From the data that follows, print exactly the lines starting at the one containing "Suwimut terracotta pot" and ending at the one containing "Gordijn Turquoise 140x175 cm (2 stuks)"; include both of them and nothing more.
Dataset section start
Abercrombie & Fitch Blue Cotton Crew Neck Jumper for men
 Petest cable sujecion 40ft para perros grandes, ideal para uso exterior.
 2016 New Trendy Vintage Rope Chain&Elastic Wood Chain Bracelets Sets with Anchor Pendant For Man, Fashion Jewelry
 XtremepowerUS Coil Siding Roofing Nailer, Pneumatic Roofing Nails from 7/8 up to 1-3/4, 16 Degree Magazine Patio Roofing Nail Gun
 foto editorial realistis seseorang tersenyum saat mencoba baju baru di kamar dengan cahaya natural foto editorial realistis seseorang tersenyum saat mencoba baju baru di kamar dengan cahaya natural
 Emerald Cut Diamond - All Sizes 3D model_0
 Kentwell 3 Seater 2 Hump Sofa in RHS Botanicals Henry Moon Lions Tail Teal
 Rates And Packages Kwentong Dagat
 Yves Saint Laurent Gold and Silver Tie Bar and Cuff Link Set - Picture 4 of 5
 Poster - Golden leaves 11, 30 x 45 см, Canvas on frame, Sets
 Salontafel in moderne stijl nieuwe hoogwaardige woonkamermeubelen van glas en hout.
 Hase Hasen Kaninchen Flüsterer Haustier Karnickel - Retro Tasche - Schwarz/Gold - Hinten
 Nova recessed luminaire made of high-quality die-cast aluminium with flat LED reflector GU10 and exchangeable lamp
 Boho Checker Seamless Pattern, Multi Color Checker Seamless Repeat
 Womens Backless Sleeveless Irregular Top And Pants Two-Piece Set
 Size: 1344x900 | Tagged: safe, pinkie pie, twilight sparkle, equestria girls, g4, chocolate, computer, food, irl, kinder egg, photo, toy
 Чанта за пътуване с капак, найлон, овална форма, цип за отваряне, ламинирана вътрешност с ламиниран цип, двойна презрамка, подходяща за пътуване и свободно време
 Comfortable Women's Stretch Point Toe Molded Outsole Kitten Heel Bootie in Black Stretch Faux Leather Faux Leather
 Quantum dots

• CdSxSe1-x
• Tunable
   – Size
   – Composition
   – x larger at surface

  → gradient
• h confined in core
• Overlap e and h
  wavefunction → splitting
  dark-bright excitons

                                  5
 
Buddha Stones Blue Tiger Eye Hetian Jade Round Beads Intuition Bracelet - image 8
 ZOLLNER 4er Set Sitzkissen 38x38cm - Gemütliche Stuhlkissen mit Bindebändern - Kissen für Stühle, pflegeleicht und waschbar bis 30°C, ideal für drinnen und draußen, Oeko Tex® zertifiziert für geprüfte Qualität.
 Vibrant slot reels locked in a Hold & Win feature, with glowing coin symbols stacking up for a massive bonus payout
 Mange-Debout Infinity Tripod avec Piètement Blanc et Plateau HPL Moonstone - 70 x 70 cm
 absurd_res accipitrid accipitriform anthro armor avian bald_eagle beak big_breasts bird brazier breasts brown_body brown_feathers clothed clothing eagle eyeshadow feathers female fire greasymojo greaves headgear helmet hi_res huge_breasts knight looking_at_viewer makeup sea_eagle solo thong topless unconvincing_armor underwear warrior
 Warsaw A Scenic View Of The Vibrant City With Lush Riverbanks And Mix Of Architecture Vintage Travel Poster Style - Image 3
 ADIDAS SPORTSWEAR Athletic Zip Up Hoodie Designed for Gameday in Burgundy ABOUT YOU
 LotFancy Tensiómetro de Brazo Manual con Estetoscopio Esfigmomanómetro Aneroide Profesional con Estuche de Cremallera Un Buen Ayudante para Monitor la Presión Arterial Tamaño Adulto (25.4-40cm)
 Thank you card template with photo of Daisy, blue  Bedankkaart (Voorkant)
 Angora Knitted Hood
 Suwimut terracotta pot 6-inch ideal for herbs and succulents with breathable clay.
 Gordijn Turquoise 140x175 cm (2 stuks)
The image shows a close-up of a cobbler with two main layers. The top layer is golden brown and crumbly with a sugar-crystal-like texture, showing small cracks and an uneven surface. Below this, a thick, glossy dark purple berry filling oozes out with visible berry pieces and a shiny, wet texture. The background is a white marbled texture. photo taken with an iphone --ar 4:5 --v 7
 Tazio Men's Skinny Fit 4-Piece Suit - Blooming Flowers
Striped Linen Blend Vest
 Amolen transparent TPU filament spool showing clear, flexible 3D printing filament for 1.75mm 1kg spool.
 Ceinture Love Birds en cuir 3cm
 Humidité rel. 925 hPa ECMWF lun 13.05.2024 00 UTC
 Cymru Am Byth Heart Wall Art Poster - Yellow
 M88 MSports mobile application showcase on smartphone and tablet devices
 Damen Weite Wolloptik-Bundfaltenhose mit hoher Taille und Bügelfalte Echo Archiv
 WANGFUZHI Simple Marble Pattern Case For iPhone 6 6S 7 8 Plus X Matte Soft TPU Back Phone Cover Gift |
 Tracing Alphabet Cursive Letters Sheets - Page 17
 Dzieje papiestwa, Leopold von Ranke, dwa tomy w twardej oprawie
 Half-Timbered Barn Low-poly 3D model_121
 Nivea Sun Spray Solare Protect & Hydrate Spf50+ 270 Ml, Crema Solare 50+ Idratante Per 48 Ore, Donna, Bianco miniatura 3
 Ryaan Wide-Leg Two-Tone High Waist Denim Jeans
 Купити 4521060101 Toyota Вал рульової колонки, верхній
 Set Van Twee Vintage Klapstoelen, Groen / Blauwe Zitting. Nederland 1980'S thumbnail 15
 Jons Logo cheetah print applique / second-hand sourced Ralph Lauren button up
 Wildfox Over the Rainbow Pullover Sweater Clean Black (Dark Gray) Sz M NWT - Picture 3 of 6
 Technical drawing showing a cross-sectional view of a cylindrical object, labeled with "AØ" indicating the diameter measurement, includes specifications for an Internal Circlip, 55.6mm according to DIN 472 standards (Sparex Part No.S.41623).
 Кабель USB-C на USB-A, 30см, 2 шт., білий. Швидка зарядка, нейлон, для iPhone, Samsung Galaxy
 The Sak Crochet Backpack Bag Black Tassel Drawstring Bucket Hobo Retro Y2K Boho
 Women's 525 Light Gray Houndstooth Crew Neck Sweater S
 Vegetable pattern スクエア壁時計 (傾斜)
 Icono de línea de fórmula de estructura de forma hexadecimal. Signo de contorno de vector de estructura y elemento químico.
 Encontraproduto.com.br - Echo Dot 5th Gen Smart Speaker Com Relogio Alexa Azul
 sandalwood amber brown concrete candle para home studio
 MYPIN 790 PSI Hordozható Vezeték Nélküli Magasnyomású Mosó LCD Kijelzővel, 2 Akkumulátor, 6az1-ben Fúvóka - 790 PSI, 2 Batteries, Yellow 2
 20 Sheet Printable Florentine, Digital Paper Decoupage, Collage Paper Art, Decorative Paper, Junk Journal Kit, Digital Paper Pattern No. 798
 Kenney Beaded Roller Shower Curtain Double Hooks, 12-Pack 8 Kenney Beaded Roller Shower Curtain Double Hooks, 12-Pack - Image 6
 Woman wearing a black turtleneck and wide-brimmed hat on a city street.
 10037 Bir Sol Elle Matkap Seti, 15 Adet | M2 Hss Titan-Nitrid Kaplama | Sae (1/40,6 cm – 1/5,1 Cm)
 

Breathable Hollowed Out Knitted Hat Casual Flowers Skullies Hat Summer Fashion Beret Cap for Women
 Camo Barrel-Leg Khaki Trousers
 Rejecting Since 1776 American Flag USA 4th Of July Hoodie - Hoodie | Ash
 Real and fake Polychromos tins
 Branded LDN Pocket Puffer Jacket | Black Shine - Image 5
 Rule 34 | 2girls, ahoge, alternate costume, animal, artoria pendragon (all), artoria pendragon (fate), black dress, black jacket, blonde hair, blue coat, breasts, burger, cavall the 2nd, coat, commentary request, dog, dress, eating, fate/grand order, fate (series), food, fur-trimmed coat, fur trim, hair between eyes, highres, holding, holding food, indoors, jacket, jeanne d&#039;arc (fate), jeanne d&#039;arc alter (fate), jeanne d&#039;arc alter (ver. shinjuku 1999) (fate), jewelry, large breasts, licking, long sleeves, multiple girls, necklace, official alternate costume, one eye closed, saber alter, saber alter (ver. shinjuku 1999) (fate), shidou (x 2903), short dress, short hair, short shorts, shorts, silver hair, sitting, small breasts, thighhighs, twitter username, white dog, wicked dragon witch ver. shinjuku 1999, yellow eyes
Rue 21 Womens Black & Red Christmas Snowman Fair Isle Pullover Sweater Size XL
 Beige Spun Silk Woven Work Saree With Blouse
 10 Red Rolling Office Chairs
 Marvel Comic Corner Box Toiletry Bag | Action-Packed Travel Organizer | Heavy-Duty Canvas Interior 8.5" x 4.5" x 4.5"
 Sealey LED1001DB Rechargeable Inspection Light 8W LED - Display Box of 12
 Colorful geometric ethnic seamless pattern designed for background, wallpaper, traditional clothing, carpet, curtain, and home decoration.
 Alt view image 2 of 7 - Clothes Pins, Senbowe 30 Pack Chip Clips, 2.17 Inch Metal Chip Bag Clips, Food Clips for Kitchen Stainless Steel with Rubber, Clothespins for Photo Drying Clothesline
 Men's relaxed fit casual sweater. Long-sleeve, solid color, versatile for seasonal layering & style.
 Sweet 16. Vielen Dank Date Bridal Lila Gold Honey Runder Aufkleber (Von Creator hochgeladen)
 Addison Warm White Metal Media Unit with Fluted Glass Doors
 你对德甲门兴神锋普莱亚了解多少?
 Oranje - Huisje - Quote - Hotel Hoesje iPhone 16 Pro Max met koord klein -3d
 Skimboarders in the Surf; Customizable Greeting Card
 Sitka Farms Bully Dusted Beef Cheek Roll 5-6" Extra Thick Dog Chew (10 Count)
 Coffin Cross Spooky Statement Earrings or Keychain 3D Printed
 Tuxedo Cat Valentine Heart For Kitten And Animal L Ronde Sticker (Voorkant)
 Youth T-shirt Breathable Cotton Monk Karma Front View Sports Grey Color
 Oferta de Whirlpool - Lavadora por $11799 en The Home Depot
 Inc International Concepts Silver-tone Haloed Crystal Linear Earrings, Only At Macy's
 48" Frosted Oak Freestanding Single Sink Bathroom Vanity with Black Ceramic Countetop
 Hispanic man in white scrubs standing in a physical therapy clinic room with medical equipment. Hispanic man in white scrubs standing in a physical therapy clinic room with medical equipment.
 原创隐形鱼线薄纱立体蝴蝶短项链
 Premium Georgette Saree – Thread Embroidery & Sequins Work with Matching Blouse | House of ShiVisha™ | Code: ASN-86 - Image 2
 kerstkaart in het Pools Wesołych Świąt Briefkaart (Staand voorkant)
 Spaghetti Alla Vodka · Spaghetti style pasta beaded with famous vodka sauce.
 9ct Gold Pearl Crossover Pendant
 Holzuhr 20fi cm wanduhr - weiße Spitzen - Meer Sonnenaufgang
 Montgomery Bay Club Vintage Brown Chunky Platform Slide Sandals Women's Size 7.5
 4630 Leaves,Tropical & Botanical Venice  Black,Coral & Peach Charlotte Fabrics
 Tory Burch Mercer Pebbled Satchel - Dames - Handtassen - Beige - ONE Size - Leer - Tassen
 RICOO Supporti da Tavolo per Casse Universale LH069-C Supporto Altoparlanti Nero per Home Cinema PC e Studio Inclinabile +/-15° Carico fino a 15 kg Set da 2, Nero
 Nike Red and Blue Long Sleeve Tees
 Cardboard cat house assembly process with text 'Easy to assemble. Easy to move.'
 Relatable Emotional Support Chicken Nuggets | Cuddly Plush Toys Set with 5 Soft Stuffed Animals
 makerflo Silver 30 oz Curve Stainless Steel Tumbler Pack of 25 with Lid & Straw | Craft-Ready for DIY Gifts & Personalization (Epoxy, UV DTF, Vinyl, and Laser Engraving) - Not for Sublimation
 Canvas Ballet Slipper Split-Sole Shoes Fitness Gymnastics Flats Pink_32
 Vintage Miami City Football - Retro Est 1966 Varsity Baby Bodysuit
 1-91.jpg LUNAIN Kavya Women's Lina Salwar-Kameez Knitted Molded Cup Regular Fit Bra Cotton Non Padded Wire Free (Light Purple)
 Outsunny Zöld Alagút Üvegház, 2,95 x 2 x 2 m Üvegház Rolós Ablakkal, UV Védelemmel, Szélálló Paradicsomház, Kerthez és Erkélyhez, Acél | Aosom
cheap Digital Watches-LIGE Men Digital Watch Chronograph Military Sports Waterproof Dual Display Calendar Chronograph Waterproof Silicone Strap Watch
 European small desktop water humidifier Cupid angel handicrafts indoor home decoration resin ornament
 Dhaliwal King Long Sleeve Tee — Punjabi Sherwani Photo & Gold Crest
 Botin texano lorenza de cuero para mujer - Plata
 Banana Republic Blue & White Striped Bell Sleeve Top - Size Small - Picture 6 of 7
Dataset section end
Exercise output —
 Suwimut terracotta pot 6-inch ideal for herbs and succulents with breathable clay.
 Gordijn Turquoise 140x175 cm (2 stuks)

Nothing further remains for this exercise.